3. The piston assembly of claim 1, wherein said regeneration member being manufactured from metallic foam and having a porous configuration.

4. The piston assembly of claim 1, wherein said regeneration member being manufactured from a ceramic material and having a porous configuration.

5. The piston assembly of claim 1, wherein said regeneration member being attached to said piston by welding.
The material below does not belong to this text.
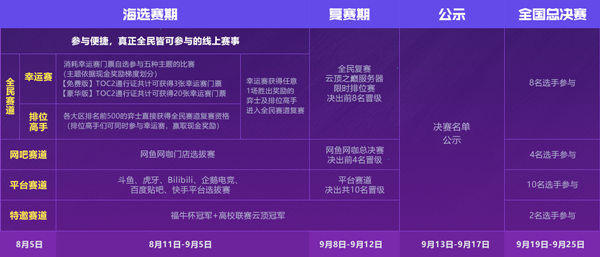 《英雄联盟：第二届云顶之弈公开赛》正式开启！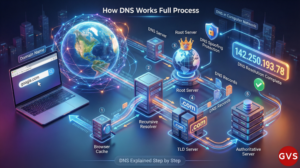 What is DNS and how does it work - Complete DNS resolution process explained showing domain name system converting google.com to IP address through DNS servers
6. An internal combustion engine having a piston assembly reciprocally moveable within a combustion cylinder, said internal combustion engine having a predefined cycle including a combustion stroke creating a heat and an intake stroke being operatively positioned before said combustion stroke, said piston assembly having a piston head defining a top surface having an outer wall extending therefrom and an underside surface being spaced from said top surface, said internal combustion engine comprising:

a recessed portion being positioned in said piston head and forming a bottom surface being interposed said top surface and said underside surface;

a regeneration member being attached in said recessed portion, said regeneration member having a porous structure being adapted to absorb said heat from said combustion stroke and to release said heat during said intake stroke, prior to another combustion stroke of said internal combustion engine; and

a cavity being formed between said regeneration member and said bottom surface of said recessed portion.

7. The internal combustion engine of claim 6, including a fuel injector having a nozzle, said regeneration member including an opening in alignment with said nozzle of said fuel injector, said opening communicating between said combustion cylinder and said cavity.
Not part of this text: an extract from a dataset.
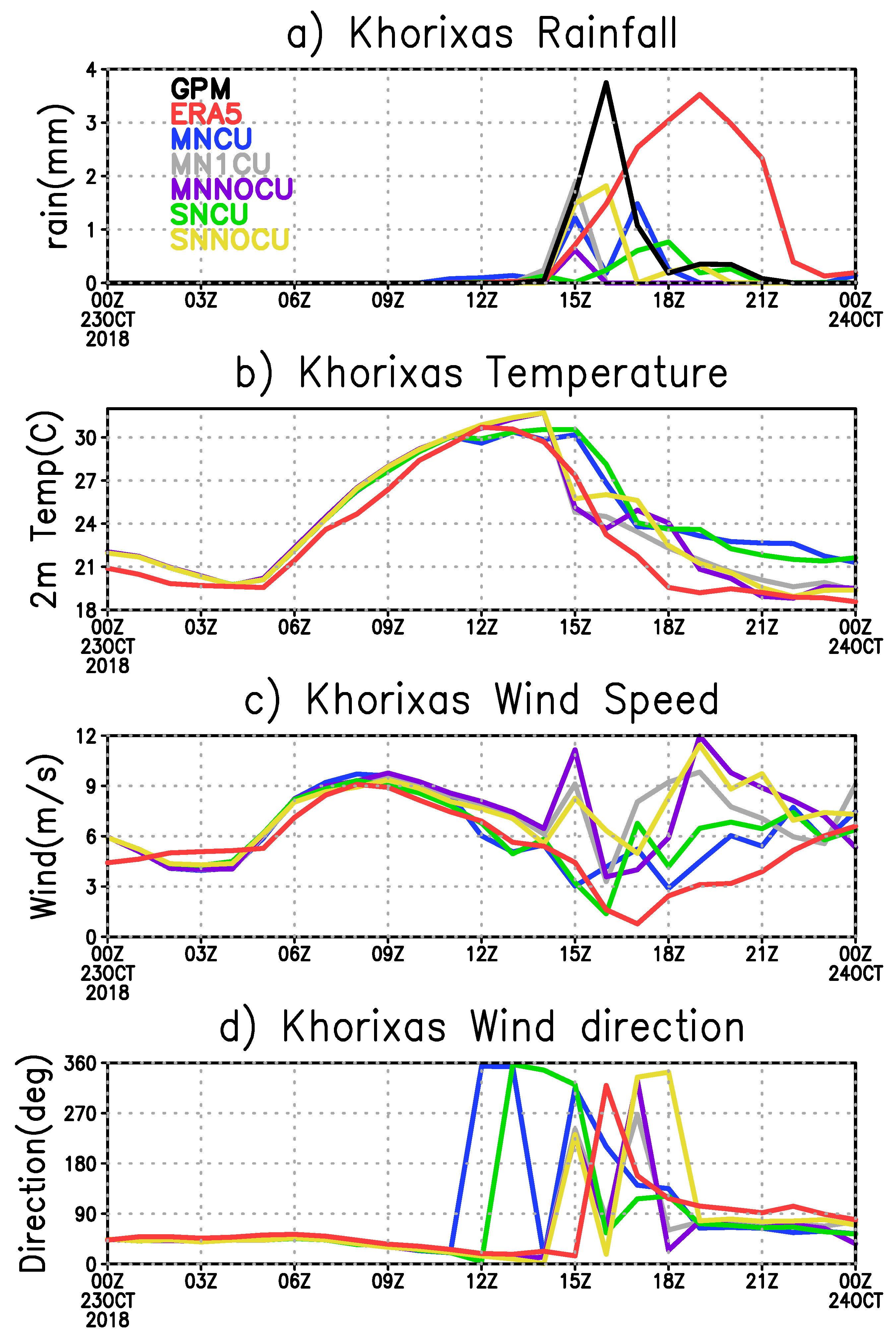 Climate 08 00112 g005 Climate 08 00112 g005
8. The internal combustion engine of claim 7, wherein said regeneration member being manufactured from metallic foam and having a porous configuration.
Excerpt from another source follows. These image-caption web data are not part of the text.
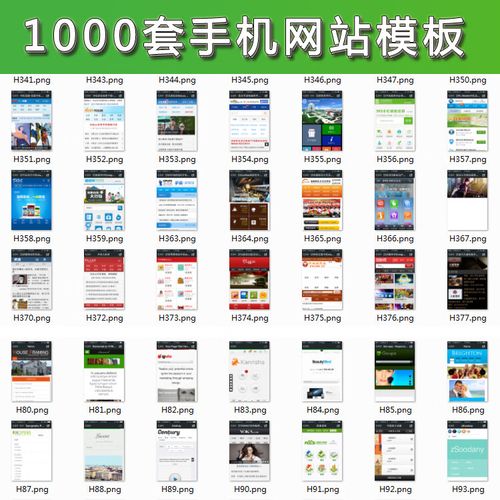 手机网站HTML5，如何适配多端？-图1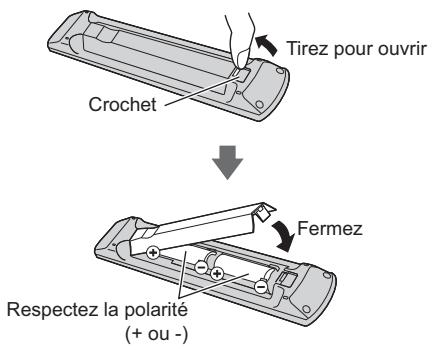 PANASONIC TX-55AS650E - Opérations pour les contenus, les équipements raccordés, etc. - 1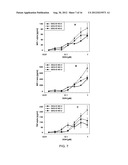 COMBINATION MOTIF IMMUNE STIMULATORY OLIGONUCLEOTIDES WITH IMPROVED     ACTIVITY diagram and image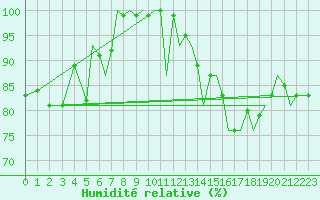 Courbe de l'humidit relative pour Isle Of Man / Ronaldsway Airport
9. The internal combustion engine of claim 7, wherein said regeneration member being manufacture from a ceramic material and having a porous configuration.

10. The internal combustion engine of claim 7,wherein said regeneration member being attached to said piston by welding.

11. The internal combustion engine of claim 7, wherein said fuel injector has a plurality of nozzles.

12. The internal combustion engine of claim 11, wherein at least one of said nozzles is aligned with said opening.

13. A method for operating an internal combustion engine, said internal combustion engine having a combustion cylinder, a predefined cycle including, an intake stroke and combustion stroke, comprising the steps of:

providing a regeneration member within a piston assembly;

forming a cavity within said piston assembly;

providing an intake air to said combustion cylinder during said intake stroke;

pushing said intake air through said regeneration member into said cavity;

introducing a fuel into said cavity;

mixing said fuel and said intake air within said cavity;

igniting said mixed fuel and intake air;

creating a heat during said combustion stroke; and

absorbing said heat with said regeneration member.

14. The method of operating said internal combustion engine of claim 13, wherein said step of introducing fuel includes said internal combustion engine having a fuel injector having a nozzle aligning an opening in said regeneration member.

15. The method of operating said internal combustion engine of claim 13, wherein said step of pushing said intake air through said regeneration member into said cavity includes said regeneration member being formed of a porous material.

16. The method of operating an internal combustion engine of claim 13, including a further step of said internal combustion engine having another intake stroke and said intake air absorbing said heat from said regeneration member.

17. The method of operating an internal combustion engine of claim 13, wherein said step of pushing said intake air through said regeneration member into said cavity includes said regeneration member being formed of a porous material and including a further step of said internal combustion engine having another intake stroke and said intake air absorbing said heat from said regeneration member.

18. The method of operating an internal combustion engine of claim 13, wherein said step of igniting said mixed fuel and intake air occurs in the combustion cylinder.